In the United States, almost all sodium carbonate is obtained from subterranean deposits of naturally-occurring trona ore. The largest known trona ore deposits in the United States are located in the Green River Basin in southwestern Wyoming, mostly in Sweetwater County, Wyoming, and are typically about 800 to 3000 feet below ground level.
Trona ore consists primarily (80-95 wt %) of sodium sesquicarbonate (Na2CO3.NaHCO3.2H2O), and lesser amounts of sodium chloride (NaCl), sodium sulfate (Na2SO4), organic matter, and insolubles such as clay and shales. A typical analysis of crude trona ore being mined at Green River, Wyo. is as follows:
ConstituentsWeight Percentsodium sesquicarbonate90sodium chloride (NaCl)0.1sodium sulfate (Na2SO4)0.02organic matter0.3insolubles (clay and shales)9.6
Trona ore may be recovered from subterranean deposits, for further processing into soda ash, by mechanical mining techniques or by any of several various solution mining methods. The Green River trona ore deposits are presently being commercially mined both by mechanical mining and by solution mining processes.
Mechanical mining, also called dry mining, is carried out underground in the ore beds by mining crews and includes room-and-pillar and long wall methods. Mechanical mining methods are relatively costly and leave unrecovered a significant fraction of the trona ore in the beds being mined, so solution mining processes present an economical alternative to mechanical mining.
Solution mining utilizes conventional well drilling technology and involves injecting water or other aqueous-based mining solvent, via a drilled well hole, into a deposit of trona ore; allowing the mining solvent to dissolve soluble ore; pumping the resulting mining solution (mine water) via a drilled well hole to the surface; and processing the mine water to recover dissolved ore values from the solution in the form of sodium carbonate or other related sodium-based chemicals. Solution mining methods may also be employed for recovering alkali values from depleted ore deposits that have previously been mechanically mined and abandoned.
An alkali solution from solution mining of a NaHCO3-containing ore deposit such as trona typically contains dissolved sodium carbonate and sodium bicarbonate, as well as dissolved organic and inorganic impurities solubilized from the ore deposit. The sodium carbonate values in such alkali solutions are normally recovered as soda ash by various crystallization processes, and the impurities present in the alkali solution are typically removed via a purge stream of crystallizer mother liquor, which is discarded.
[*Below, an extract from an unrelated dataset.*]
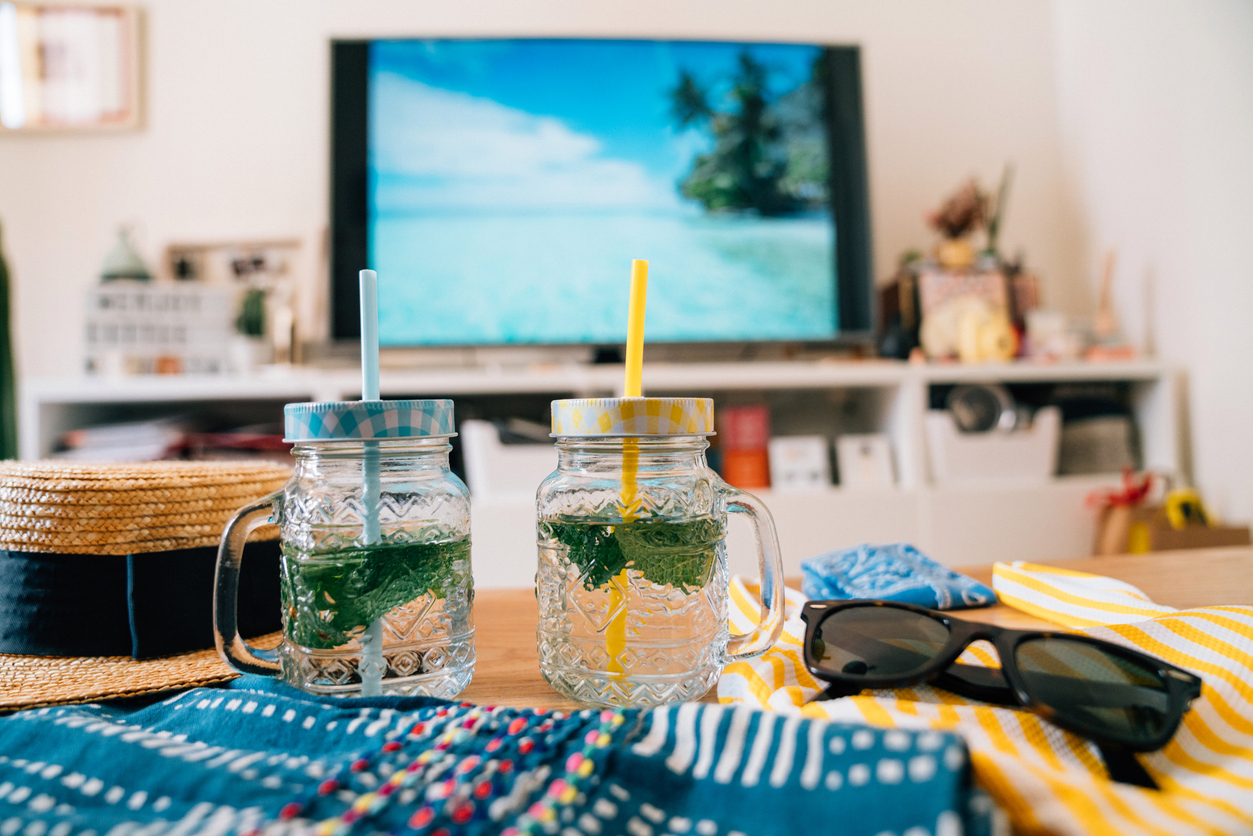 Conceptual shot of two drink glasses with a paradisiac beach on the TV screen at home. Staycation concept.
Alkali solutions containing Na2CO3 and NaHCO3 values may obtained not only via solution mining of NaHCO3-containing subterranean ore deposits but also from surface alkali brine lakes or alkali waste ponds. Numerous processes for recovering sodium carbonate and/or sodium bicarbonate from such alkali solutions are disclosed in the prior art. Only a few of these prior art processes mention that sulfide, in addition to sulfates, may be present as a contaminant in the alkali solution.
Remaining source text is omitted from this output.